## [TRY IT]
An exact transcription is needed, starting at the line containing "DEYOU Legend of" and running through the last line of the records, with every picture left out.

Records excerpted from a collection
"""

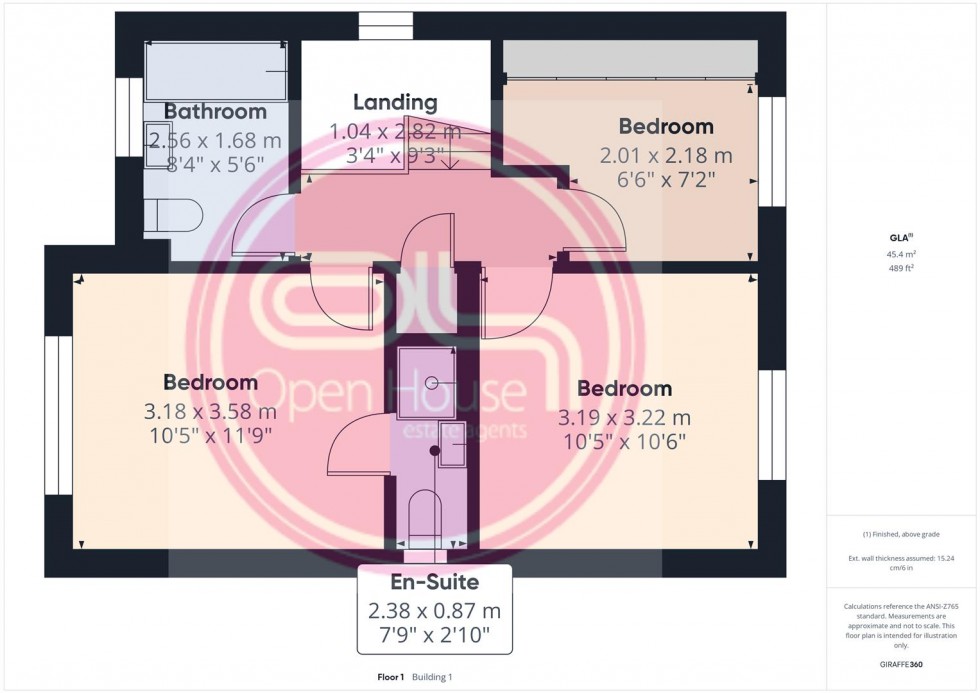 Floorplan for Cobblestone Drive, Swadlincote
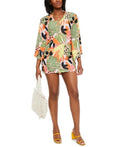 Bar III Multi Printed Caftan Swim Cover-Up, Us Small by Vanessa Jane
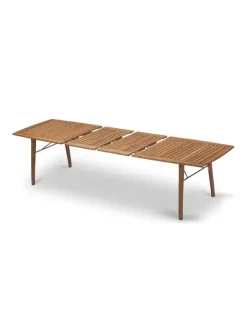 Skagerak Ballare havebord, 196 cm inkl. 2 tillægsplader fra Fritz Hansen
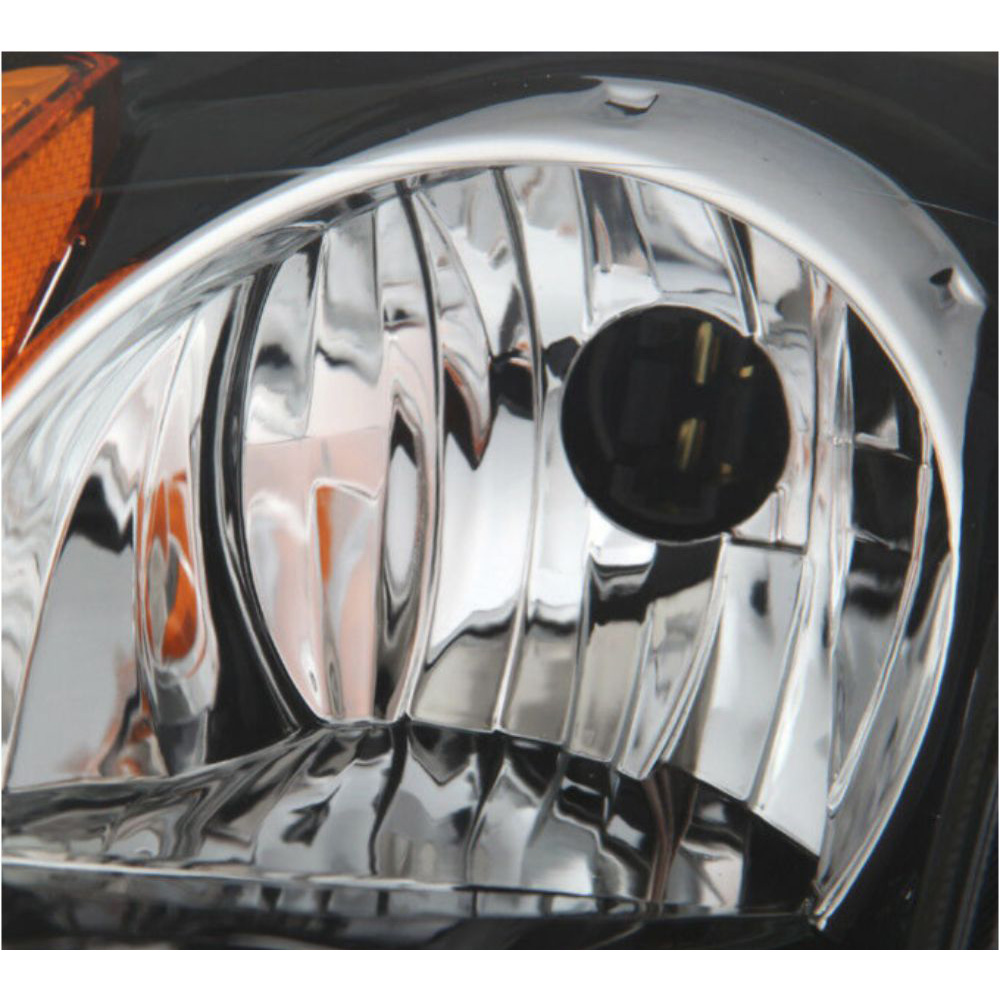 For 07-09 Nissan Altima 4Dr Sedan Black Headlights + Black Tail Lights Pair Set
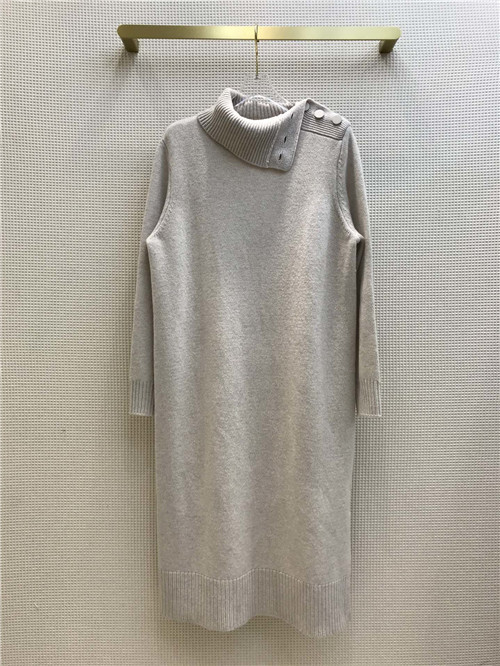 maxmara high neck cashmere dress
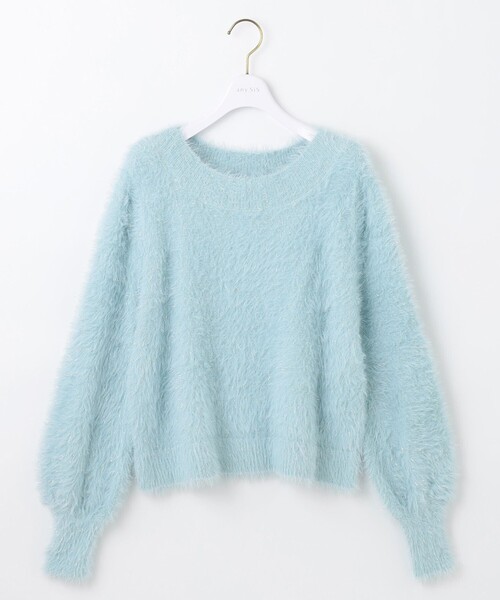 【セール】【洗える】フィルムラメシャギー ニット（ニット/セーター）｜any SiS（エニィスィス）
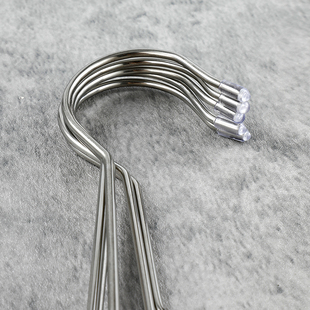 加粗长杆钩长钩衣架s勾挂s钩大号s挂钩不锈钢s钩服装店钩子s型挂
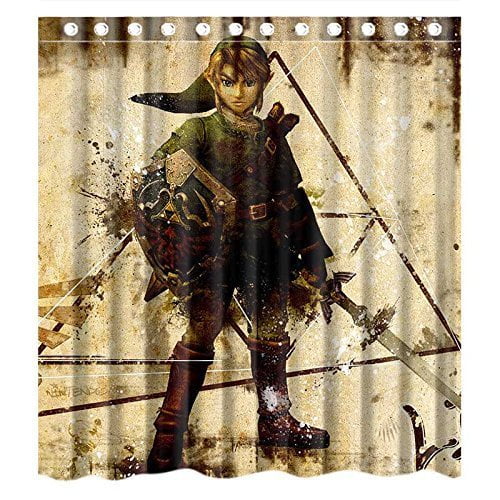 DEYOU Legend of Zelda Game Shower Curtain Polyester Fabric Bathroom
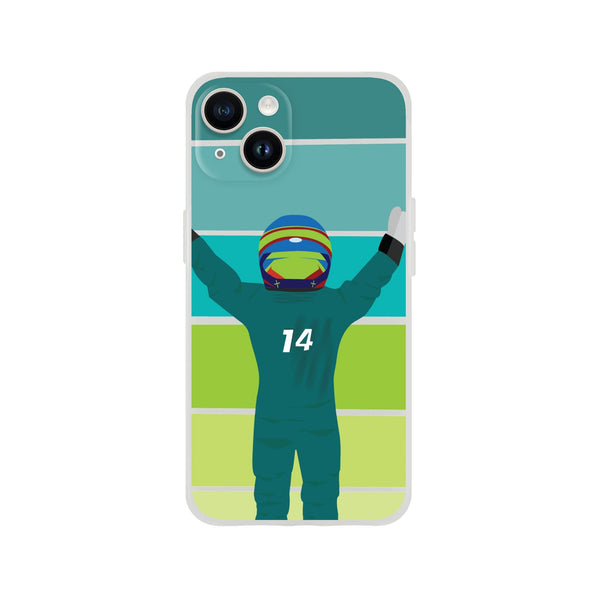 Green and Blue  Racing Victory Phone Case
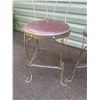Image 4 : 2 -wrought iron ice cream parlor chairs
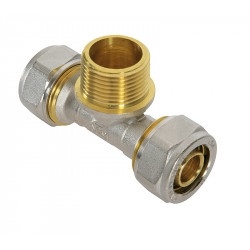 Тройник ТМ-К 16*3/4"*16 ц/ш/ц фото 1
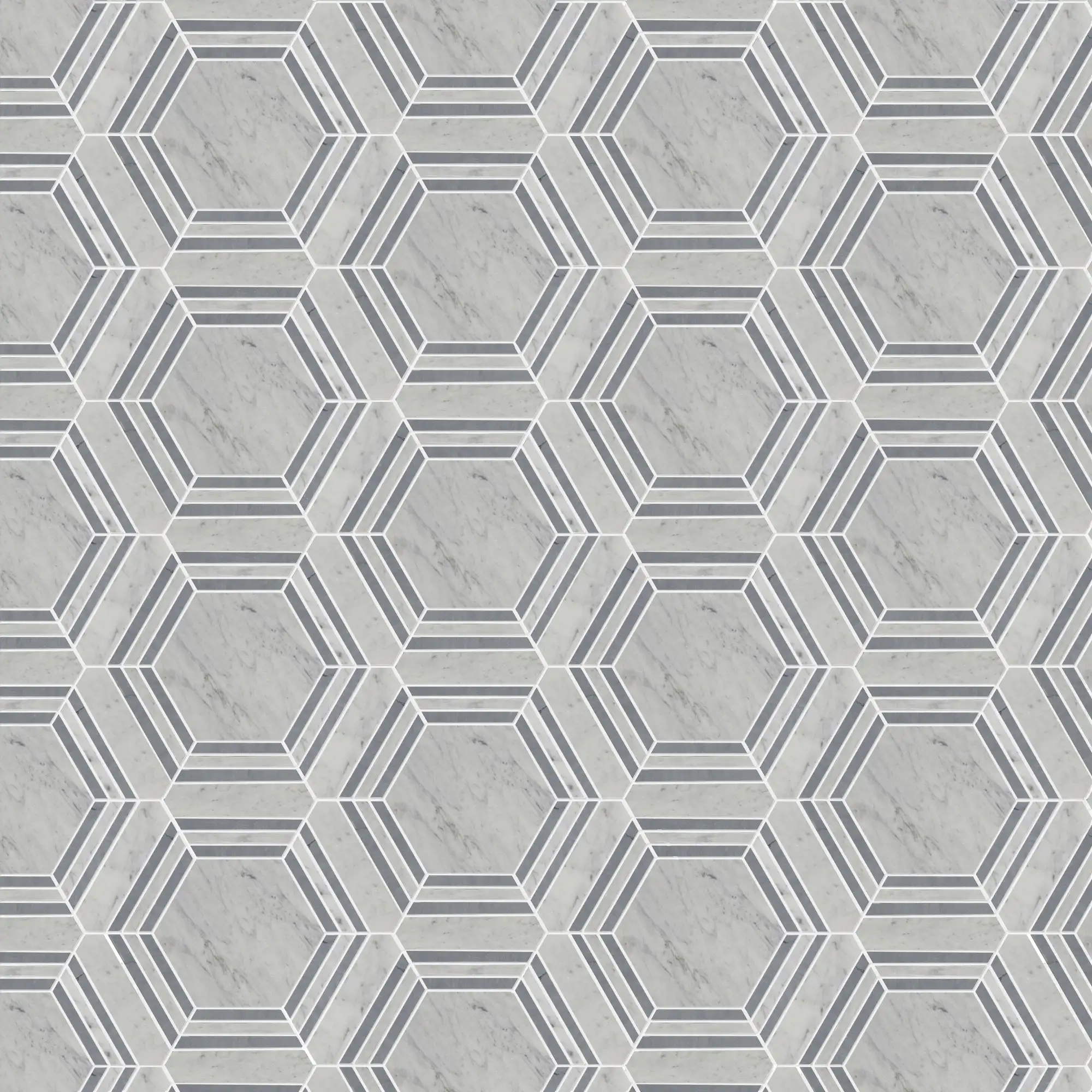 Bc Hexagon 5x5 BG Honed Image 01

"""

## [ANSWER BELOW]
 DEYOU Legend of Zelda Game Shower Curtain Polyester Fabric Bathroom
 Green and Blue  Racing Victory Phone Case
Image 4 : 2 -wrought iron ice cream parlor chairs
 Тройник ТМ-К 16*3/4"*16 ц/ш/ц фото 1
 Bc Hexagon 5x5 BG Honed Image 01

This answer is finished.